WHAT YOU NEED TO DO: Retype the records below exactly as they appear, but leave out any pictures.

RECORD EXCERPTS:

────────────────────────────────────────

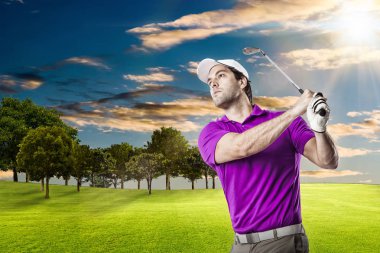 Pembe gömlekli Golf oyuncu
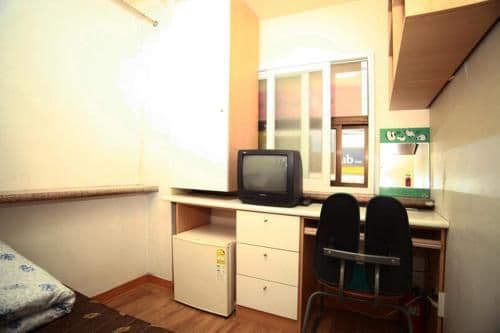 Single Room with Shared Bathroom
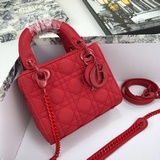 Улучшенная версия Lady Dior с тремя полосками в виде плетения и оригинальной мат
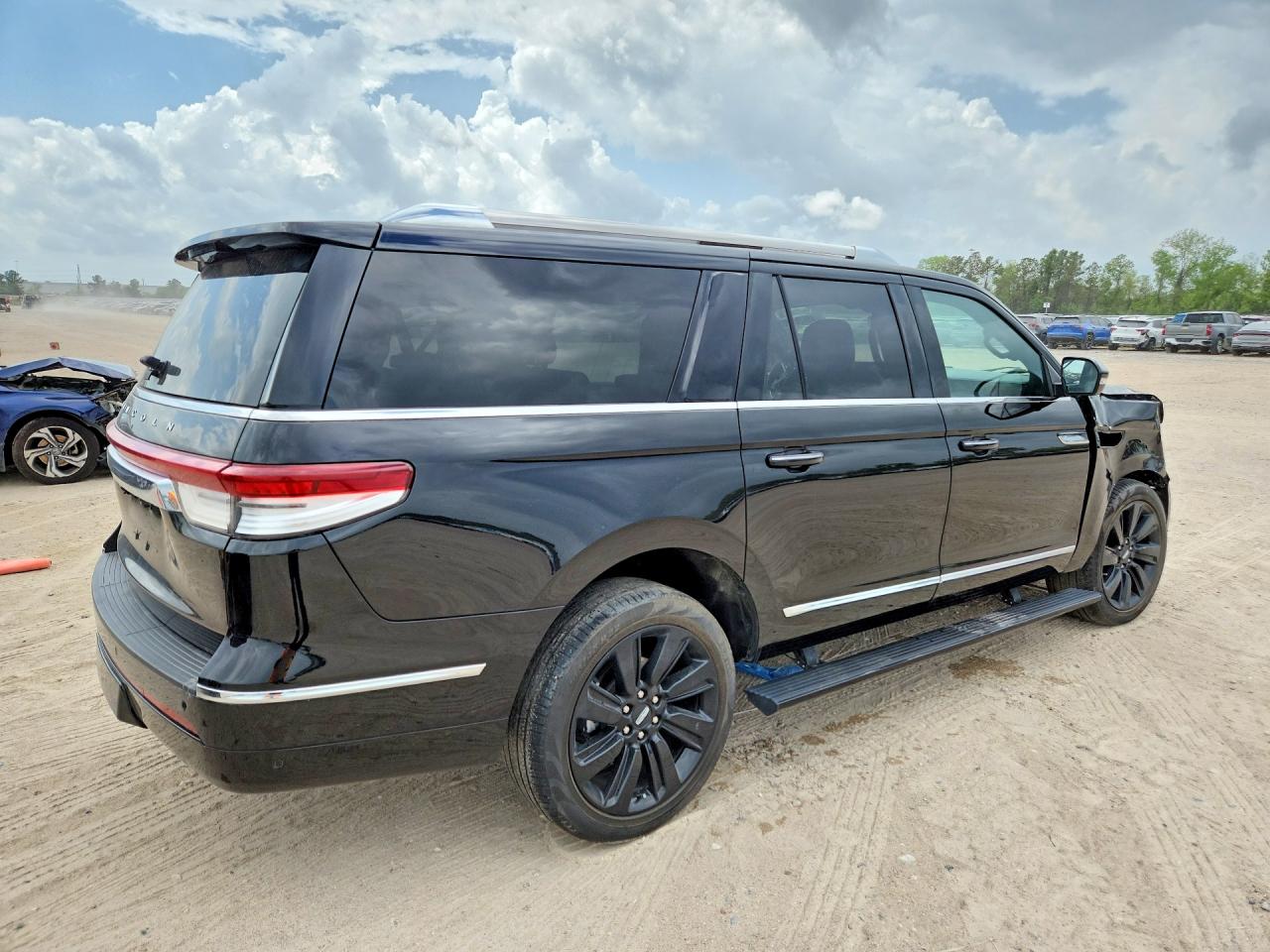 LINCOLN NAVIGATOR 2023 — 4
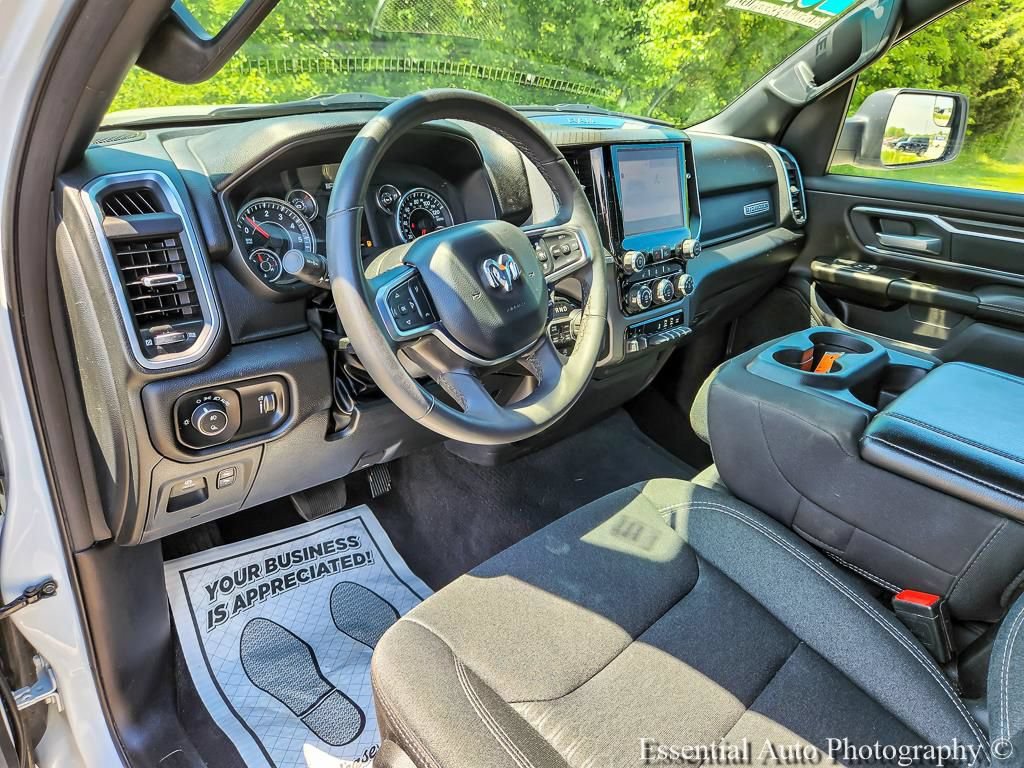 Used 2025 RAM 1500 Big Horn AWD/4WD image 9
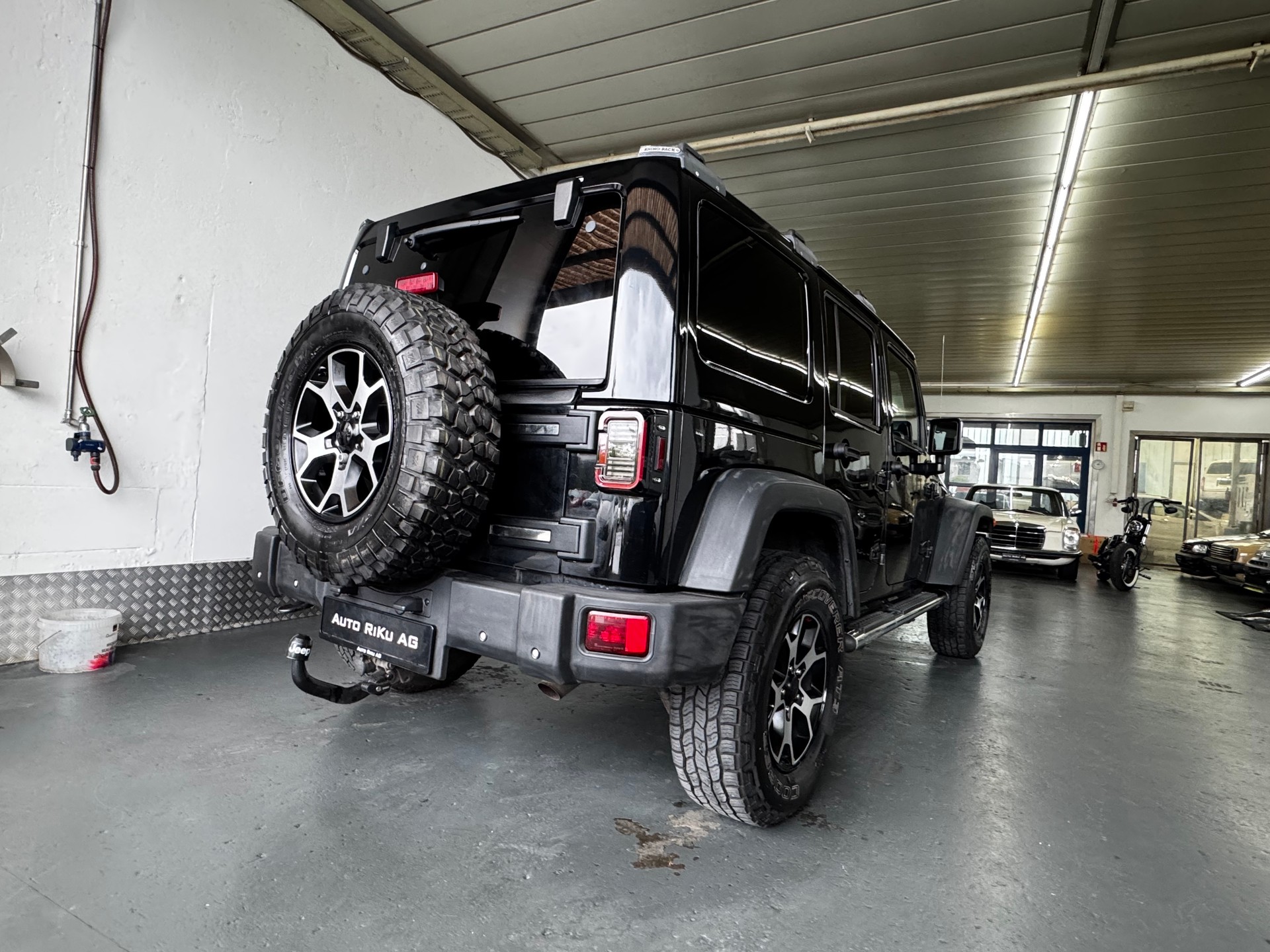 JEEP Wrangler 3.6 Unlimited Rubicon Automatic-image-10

────────────────────────────────────────

SOLUTION:
 Pembe gömlekli Golf oyuncu
 Single Room with Shared Bathroom
 Улучшенная версия Lady Dior с тремя полосками в виде плетения и оригинальной мат
 LINCOLN NAVIGATOR 2023 — 4
 Used 2025 RAM 1500 Big Horn AWD/4WD image 9
 JEEP Wrangler 3.6 Unlimited Rubicon Automatic-image-10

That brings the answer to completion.